Cosa vuol dire poter vivere una seconda vita?
Massimo, Giovanni, Gianmatteo, Edoarda lo hanno raccontato, in modo sereno ma pieno di emozioni, ieri sera durante  “A  night for Heroes“  organizzata dal Centro Esofago del San Raffaele.
Loro sono pazienti che sono letteralmente rinati  grazie alle cure del gruppo capitanato dal professor Riccardo Rosati, un gruppo consolidato e affiatato composto da diverse specialità in modo tale che  la presa in carico del paziente sia totale, non solo individuando la terapia migliore ma curandone anche gli aspetti psicologici.

Da siinistra Rosati, Gianmatteo ed Elmore

La vita è fatta di attimi – dice Gianmatteo- il fatto è che non si capisce fino in fondo quanto valgano quegli attimi. Io non scorderò mai il primo caffè bevuto in ospedale, dopo aver tolto il sondino naso- gastrico, insieme all’amico chirurgo Ugo Elmore”.
Fanno riflettere questi racconti e fanno crescere la voglia di partecipare alla gara di solidarietà che la serata di ieri si prefiggeva per  raccogliere fondi destinati  alla ricerca di chi  lavora per trovare nuove terapie contro i tumori gastro esofagei.

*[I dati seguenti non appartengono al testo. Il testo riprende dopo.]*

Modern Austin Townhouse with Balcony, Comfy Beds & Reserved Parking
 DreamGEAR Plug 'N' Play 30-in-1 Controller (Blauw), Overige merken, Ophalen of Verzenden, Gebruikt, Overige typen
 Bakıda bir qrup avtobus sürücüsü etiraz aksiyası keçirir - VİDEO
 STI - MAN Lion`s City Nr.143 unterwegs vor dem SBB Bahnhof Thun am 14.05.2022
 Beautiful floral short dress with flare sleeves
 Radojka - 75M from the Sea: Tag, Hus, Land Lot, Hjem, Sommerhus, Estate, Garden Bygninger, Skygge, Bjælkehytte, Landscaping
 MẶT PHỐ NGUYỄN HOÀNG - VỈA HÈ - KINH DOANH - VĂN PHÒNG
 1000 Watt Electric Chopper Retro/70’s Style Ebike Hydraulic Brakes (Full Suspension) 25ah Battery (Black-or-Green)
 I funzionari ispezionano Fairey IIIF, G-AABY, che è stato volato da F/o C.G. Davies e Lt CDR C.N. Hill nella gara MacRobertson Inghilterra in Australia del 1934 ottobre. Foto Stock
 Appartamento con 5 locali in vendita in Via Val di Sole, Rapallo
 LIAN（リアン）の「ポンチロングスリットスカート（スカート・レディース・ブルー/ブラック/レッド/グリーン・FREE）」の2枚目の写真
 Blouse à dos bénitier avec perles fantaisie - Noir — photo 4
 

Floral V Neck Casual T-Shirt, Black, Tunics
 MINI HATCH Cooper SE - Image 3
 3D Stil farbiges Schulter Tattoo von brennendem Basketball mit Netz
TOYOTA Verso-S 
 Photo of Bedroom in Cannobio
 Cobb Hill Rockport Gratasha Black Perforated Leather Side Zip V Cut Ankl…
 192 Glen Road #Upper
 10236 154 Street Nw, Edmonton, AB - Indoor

Dice il professor Rosati : “Oggi la ricerca ha fatto passi da gigante non solo dal punto di vista chirurgico ma anche per nuove soluzioni terapeutiche, dalla chemioterapia alla immunoterapia. Grazie ai fondi che riusciamo a reperire sosteniamo la ricerca ma sappiate  che ogni singola analisi genica costa oltre i duemila euro. Pensate  quanto potremmo fare di più avendo a disposizione qualche  risorsa in più”.
Al dottor Elmore il compito di ringraziare tutti coloro che hanno reso possibile la serata di ieri, occasione tra l’altro di scoprire i  chiostri della Casa del Cardinal Schuster, dalle aziende che hanno offerto la cena agli artisti che hanno portato musica e humor tra gli ospiti. E poi ancora un ultimo appello:“non smettete di sostenerci – dice Elmore – il vostro aiuto è prezioso, non solo per il contributo economico ma anche per la collaborazione che ci date nel far conoscere l’attività del nostro centro e per la gratitudine che percepiamo e che ci aiuta nell’andare avanti.”